The Census Bureau constructed a full-panel, longitudinal research file by linking the data collected for each sample person over the life of the panel. Unlike the individual core wave files that contain one record per person-month, the longitudinal file contains one record per person. The longitudinal sample that this research file represents consists of all primary sample members who have complete data (either reported or imputed) for every month of the panel (excluding months of ineligibility). This longitudinal sample contains 55,484 people and is the main sample that was used for the analysis.
The 1996 longitudinal file contains a smaller percentage of all primary sample members than in previous SIPP panels, for several reasons. First, sample attrition was higher in the 1996 panel than in earlier panels because the 1996 panel was longer (12 waves, compared to 8 waves in previous panels). For example, the sample loss rate was 35.5 percent by the end of wave 12 in the 1996 panel, but it was 26.9 percent by the end of wave 8 in the 1993 panel.(3) Second, in creating the final data files, the Census Bureau typically performs imputations for missing responses to individual questions or to entire wave interviews (see U.S. Census Bureau 2003, SIPP Data Editing and Imputation), thereby increasing the sample size in the analysis files. In creating the 1996 SIPP data files currently available, however, the Census Bureau has performed fewer imputations than in previous panels.(4)
The longitudinal research file is available online using the FERRET system. As the Census Bureau specifies, however, this system is efficient (practical) only for downloading a small number of variables, because variable requests must be performed separately for each variable using a series of menus and because downloading even a few variables takes considerable time. Our study employs a large number of variables, so we did not use the FERRET system to obtain the longitudinal data needed for the analysis.
Instead, we downloaded (from the SIPP Web page) the entire ASCII database for each of the 12 individual core wave files and constructed our own longitudinal file following the same procedures the Census Bureau used to construct its longitudinal file. Specifically, we "flattened" each core file to obtain one record per person (rather than per person-month) and merged these 12 flattened files using the unique person identification code (LGTKEY). We compared key selected variables (such as earnings and hourly wage rates) in our constructed longitudinal file to those in the longitudinal file on the FERRET system and found the variables to be identical in both data files.

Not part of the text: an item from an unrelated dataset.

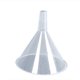 thumbnail image 1 of Embudo de plástico de cocina Runskmd con cuello largo para transferir líquidos y productos secos de forma rápida y limpia., 1 of 3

Finally, to take into account nonresponse, sample attrition, and the complex sample design of the 1996 SIPP (including the oversampling of poor households), the longitudinal research file contains panel weights (which we downloaded using the FERRET system). These weights make the SIPP longitudinal sample representative of the noninstitutionalized, resident population of the United States as of March 1996 (the only month common to all four rotation groups in wave 1).(5) We used weights throughout the statistical analyses and adjusted the standard errors of our estimates to account for design effects due to weighting and clustering.